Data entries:
========================================
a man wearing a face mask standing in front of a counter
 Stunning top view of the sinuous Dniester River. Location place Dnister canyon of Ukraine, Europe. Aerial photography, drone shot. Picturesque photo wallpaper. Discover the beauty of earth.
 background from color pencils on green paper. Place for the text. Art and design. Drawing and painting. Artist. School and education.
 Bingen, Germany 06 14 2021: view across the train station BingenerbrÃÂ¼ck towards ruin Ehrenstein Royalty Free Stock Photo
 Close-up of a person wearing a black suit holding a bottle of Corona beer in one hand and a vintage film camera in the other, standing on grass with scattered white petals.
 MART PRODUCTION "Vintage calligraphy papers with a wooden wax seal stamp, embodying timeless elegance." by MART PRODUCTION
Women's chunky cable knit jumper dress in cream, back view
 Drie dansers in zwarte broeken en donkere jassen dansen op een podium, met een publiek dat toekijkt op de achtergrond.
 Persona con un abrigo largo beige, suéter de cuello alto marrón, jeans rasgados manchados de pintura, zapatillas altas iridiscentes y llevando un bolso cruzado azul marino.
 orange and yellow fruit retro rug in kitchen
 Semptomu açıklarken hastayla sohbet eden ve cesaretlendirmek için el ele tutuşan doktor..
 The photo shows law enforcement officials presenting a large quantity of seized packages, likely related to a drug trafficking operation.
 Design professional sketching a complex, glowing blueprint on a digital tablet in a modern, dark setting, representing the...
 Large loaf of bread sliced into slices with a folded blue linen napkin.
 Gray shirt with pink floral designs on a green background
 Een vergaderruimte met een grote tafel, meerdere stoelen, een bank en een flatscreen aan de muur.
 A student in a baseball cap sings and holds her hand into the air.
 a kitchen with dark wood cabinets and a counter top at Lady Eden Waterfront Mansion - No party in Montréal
========================================
Output every entry exactly as it appears.

a man wearing a face mask standing in front of a counter
 Stunning top view of the sinuous Dniester River. Location place Dnister canyon of Ukraine, Europe. Aerial photography, drone shot. Picturesque photo wallpaper. Discover the beauty of earth.
 background from color pencils on green paper. Place for the text. Art and design. Drawing and painting. Artist. School and education.
 Bingen, Germany 06 14 2021: view across the train station BingenerbrÃÂ¼ck towards ruin Ehrenstein Royalty Free Stock Photo
 Close-up of a person wearing a black suit holding a bottle of Corona beer in one hand and a vintage film camera in the other, standing on grass with scattered white petals.
 MART PRODUCTION "Vintage calligraphy papers with a wooden wax seal stamp, embodying timeless elegance." by MART PRODUCTION
Women's chunky cable knit jumper dress in cream, back view
 Drie dansers in zwarte broeken en donkere jassen dansen op een podium, met een publiek dat toekijkt op de achtergrond.
 Persona con un abrigo largo beige, suéter de cuello alto marrón, jeans rasgados manchados de pintura, zapatillas altas iridiscentes y llevando un bolso cruzado azul marino.
 orange and yellow fruit retro rug in kitchen
 Semptomu açıklarken hastayla sohbet eden ve cesaretlendirmek için el ele tutuşan doktor..
 The photo shows law enforcement officials presenting a large quantity of seized packages, likely related to a drug trafficking operation.
 Design professional sketching a complex, glowing blueprint on a digital tablet in a modern, dark setting, representing the...
 Large loaf of bread sliced into slices with a folded blue linen napkin.
 Gray shirt with pink floral designs on a green background
 Een vergaderruimte met een grote tafel, meerdere stoelen, een bank en een flatscreen aan de muur.
 A student in a baseball cap sings and holds her hand into the air.
 a kitchen with dark wood cabinets and a counter top at Lady Eden Waterfront Mansion - No party in Montréal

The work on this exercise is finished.